Evaluating Weavability in Flax Yarn Using near Infrared Spectroscopy

The manufacture of linen fabrics depends on maintaining quality whilst maximising weaving efficiency. Problems often arise due to loom stoppages which are brought about by breaks in the warp yarns. For years researchers have attempted to bring about a full understanding of the mechanisms responsible. It is clear that weavability in flax yarn is primarily affected by chemical composition and structure, this is turn is affected by various steps in the production chain. In the search for objective methods for assessing flax yarn properties, instrumental techniques such as derivative thermogravimetric analysis (DTG), tensile testing and regularity have been developed.

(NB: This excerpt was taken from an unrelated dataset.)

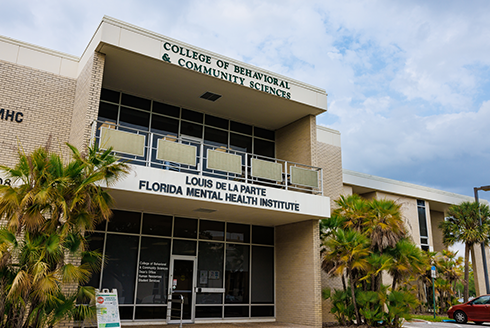 The front of the College of Behavioral and Community Sciences building.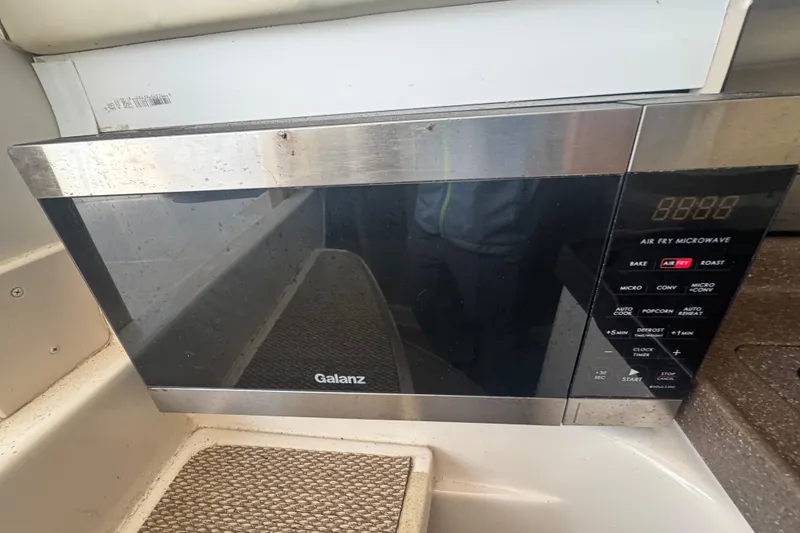 Slide: The Image of Galanz microwave inside a 2007 Grady-White Marlin 300 boat kitchen area. - 57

This investigation describes an attempt to construct relationships between these instrumental parameters taken from a range of flax yarns and near infrared (NIR) spectroscopy using partial least squares (PLS) regression analyses. Calibrations with DTG peak 1 weight loss (r² 0.83), regularity of thin and thick spots (r² 0.82, 0.81), nep counts (r² 0.82) and weaving breaks (r² 0.79) have all been produced. Using these relationships prediction equations for evaluating DTG peak 1 and 2 weight loss, regularity of thin spots on yarn and weaving performance (breaks per 10,000 picks) have been developed. These equations were validated using a blind set of flax yarn.